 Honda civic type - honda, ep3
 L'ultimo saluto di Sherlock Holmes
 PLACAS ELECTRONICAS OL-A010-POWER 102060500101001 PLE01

About this exercise:
The complete listing is to be repeated word for word.

Result for this exercise:
 Honda civic type - honda, ep3
 L'ultimo saluto di Sherlock Holmes
 PLACAS ELECTRONICAS OL-A010-POWER 102060500101001 PLE01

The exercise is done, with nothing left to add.